Most readers of Brodies TechBlog should be aware by now that the Advertising Standards Agency’s (ASA) remit now covers websites. But I suspect it will come as a bit of a surprise to most people that it has recently issued a ruling against renegade craft brewery BrewDog over the use of some naughty words on its website.
The ASA’s ruling
I won’t repeat the statements complained of here, but they are quoted in full in the ASA’s ruling. To anyone familiar with the BrewDog brand, the statements are consistent with the general brand ethos.
A step too far?
I find this all a bit troubling.
The use of foul or abusive language in a billboard advert next to a road, or in a poster in a shop, where it might be seen in passing by children or people who might be offended, is one thing.
But to impose the same approach to websites is quite another.
As far as I can tell, the statements complained of didn’t appear on the website homepage. Anyone finding the pages would be well aware of BrewDog’s bold and brash style of communications. Further, as a website for a brewery, it is aimed at those aged 18 and over. It’s unlikely that anyone who is going to be offended is going to stumble upon the pages in question. Indeed, several of the fruiter words had letters obscured with asterisks.
You regularly see swear words in the pages national newspapers, often without any asterisking (here is a good summary of The Independent’s current policy).
Was BrewDog actually in breach the CAP code?
It appears that BrewDog didn’t really do much to defend the ASA’s charge, but has (at least temporarily) removed the offending wording. BrewDog co-founder James Watt’s response was to issue a statement disclaiming the ASA’s jurisdiction to police what it says on its website.
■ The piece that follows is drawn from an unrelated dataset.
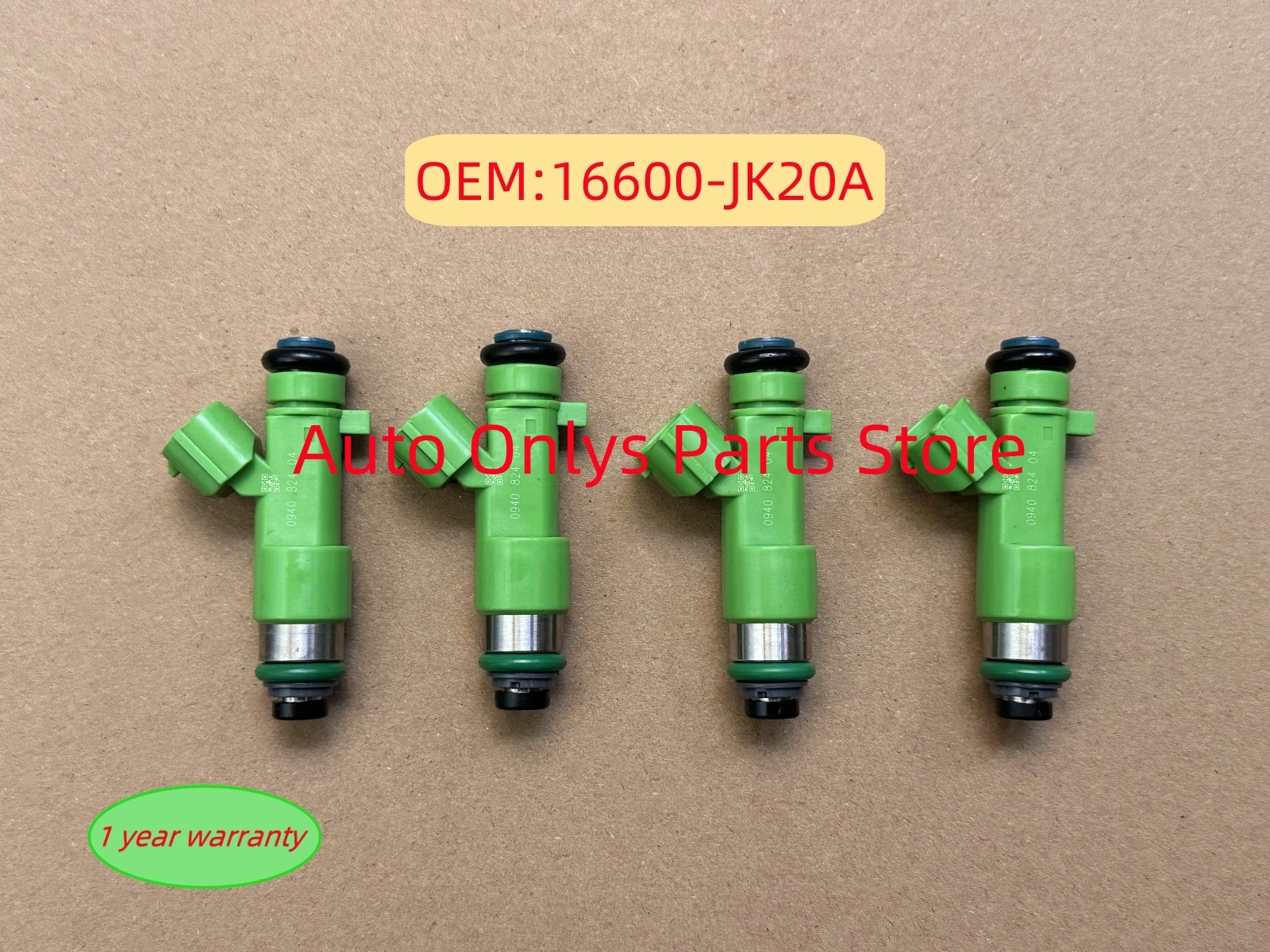 4pc New16600-JK20A Fuel Injectors Nozzle 16600 JK20A 16600JK20A For Nissan- 350Z Maxima Quest 2007 2008 2009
Looking at Rule 4.1 of the CAP Code, it seems that there would have been grounds to challenge. Rule 4.1 states that:
Compliance will be judged on the context, medium, audience, product and prevailing standards
Marketing communications may be distasteful without necessarily breaching this rule…The fact that a product is offensive to some people is not grounds for finding a marketing communication in breach of the Code.
Given that these statements appeared on BrewDog’s website, it’s surprising that the ASA upheld the complaint.
Does the ASA have jurisdiction?
So what of James Watt’s statement that the ASA has no jurisdiction?
Well, the ASA is an independent self-regulatory body, funded by the industry. It acts independent of government. As a consequence, the sanctions that it can impose for a breach of the CAP Code are fairly limited – a withdrawal of members’ trading privileges such as Royal Mail bulk mailing discounts, the requirement for future ads to be pre-vetted before members publish them, the disqualification from industry awards of the agencies that create the offending adverts, and an appearance on a “name and shame” section on the ASA’s website.
In reality, the ASA’s main tool is the bad publicity that can arise out of an adverse ruling. For many organisations, the risk of damage to a well cultivated brand is enough to encourage compliance.
However, in the case of BrewDog, you can’t help feel that this will just help to increase its notoriety.
I’ll leave the final word to Marketing magazine’s headline (NB, if you are likely to be offended by swear words then it’s probably best not following this link).
PS My original title for this post was “BrewDog doesn’t give a Castlemaine XXXX about the ASA”.
PPS I should disclose that I have a (very small) interest in BrewDog having bought some shares in the last round of its Equity for Punks fundraising.